Сборы в дорогу были недолгими. Проводить нас с матерью до Новотуруханска вызвался Альберт Граф. Приехал в Верещагино незадолго до этого на воссоединение с семьей. Это был образованный и интеллигентный человек, работавший до войны в каком-то театре. Аннамария Моор была с ним знакома еще по Поволжью.

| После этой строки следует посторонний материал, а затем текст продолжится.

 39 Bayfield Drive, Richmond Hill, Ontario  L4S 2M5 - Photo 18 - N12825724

Идущие из Норильска пароходы были до отказа переполнены. К некоторым пристаням они вообще не причаливали и люди, ожидавшие пароход долгое время, бросались прямо в воду, надеясь, что их подберут. Девять суток пришлось нам ждать пароход в Новотуруханске. Наконец приближавшееся судно «Серго Орджоникидзе» пришвартовалось и началась посадка. Это был штурм неприступной крепости. Если бы с нами не было Графа, взойти на судно нам бы не удалось. Он посоветовал нам крепко держаться руками друг за друга. Я держался за ремень дяди Альберта, мама держалась за меня и вот так гуськом нам удалось ступить на палубу.

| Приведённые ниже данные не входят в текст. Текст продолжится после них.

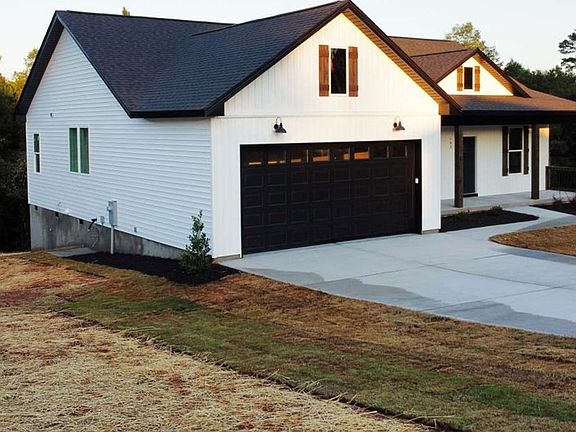 3rd image of 103 Lois Dr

Когда мы сошли в Красноярске, все повторилось. Казалось, что весь белый свет ринулся в дорогу. И этот «гостеприимный» город оставил нас у себя вновь на девять дней. Остановиться было негде, билетов не было почти на две недели вперед. По прибытии полил сильный дождь, а мы вынуждены были оставаться на улице. Рядом с вокзалом была баня, в которую ожидавших своей отправки людей посылали почти принудительно. Такое удовольствие стоило три рубля. Запас денег у матери был ничтожно мал, да к тому же нужно было еще чем-то питаться. Кроме булки хлеба, которая стоила 120—130 рублей, да воды в нашем рационе ничего не было.

В один из дней к нам подошел мужчина, объяснив возможность уехать. Собрал со всех предложенную сумму и указал направление. Нам пришлось пройти через пропускной пункт и десять километров по шпалам, после чего мы оказались возле стоявшего товарного состава. Этот состав следовал до станции Татарское Новосибирской области. Мы вынуждены были поверить незнакомому человеку и отправиться в дорогу без билетов.

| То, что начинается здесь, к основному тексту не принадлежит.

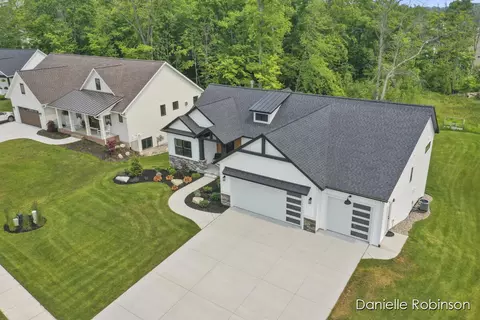 3329 Box Elder Dr, Jenison, MI 49428 photo 73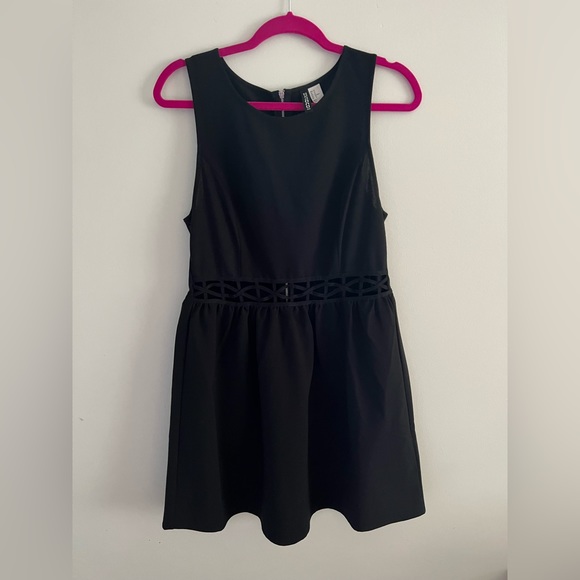 NWOT Mini dress Divided H&M with open crisscross detailed on the waist. Size 12 - Picture 1 of 4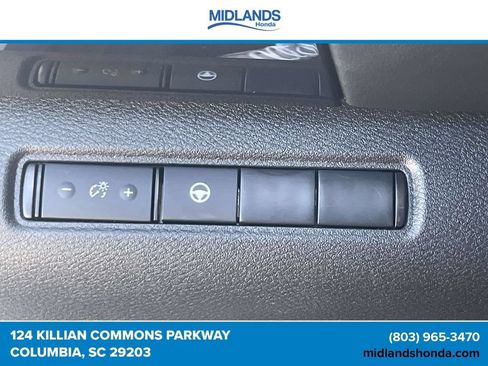 Used 2024 Nissan Pathfinder SV AWD/4WD image 18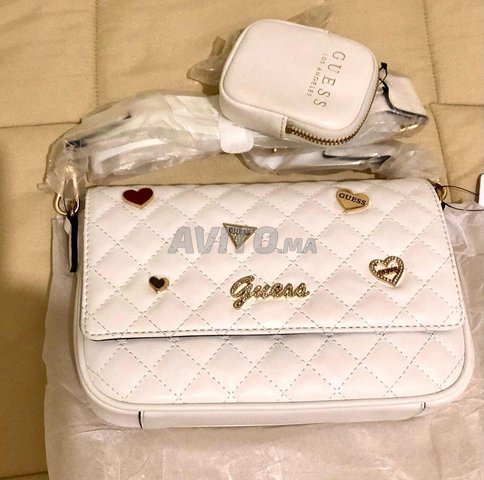 Sacs ORIGINAUX Nouvelle Collection GUESS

С телеграфа на станции Татарское отправили телеграмму ожидавшему нашего приезда на Алтае отцу Генриху Моор. Сидевший рядом человек посоветовал добраться до Купино на машине, а там до Славгорода без пересадки. Мы последовали его совету. В Славгород добрались под вечер. Нам предстояло еще добраться до колхоза «Орджоникидзе» в село Камыши, а это за сорок пять километров. Постоялый двор колхоза находился за шесть километров от вокзала. Тащить с собой оставшийся багаж не было уже сил. Доверившись одной из женщин, возле которой лежало много узлов, пошли пешком. Там, как и везде в дороге, было полно народу. Я вновь вернулся на вокзал, но женщины там уже не было. Возвращался на постоялый двор уже совсем ночью, да еще с тележкой, которую мне одолжили мужчины, приезжавшие на мельницу в Славгород. В поисках забрел в какой-то двор. В это время открылась дверь и вышел милиционер. Я как раз стоял возле поленницы дров. Что можно было подумать, увидев меня, да еще с тележкой? Он сказал: «А, ты хотел дрова воровать? Я тебя сейчас арестую!». Испугавшись до полусмерти, я что-то мямлил. Но, слава Богу, он понял, что я ищу постоялый двор, который, к счастью, находился по соседству, и он меня отпустил.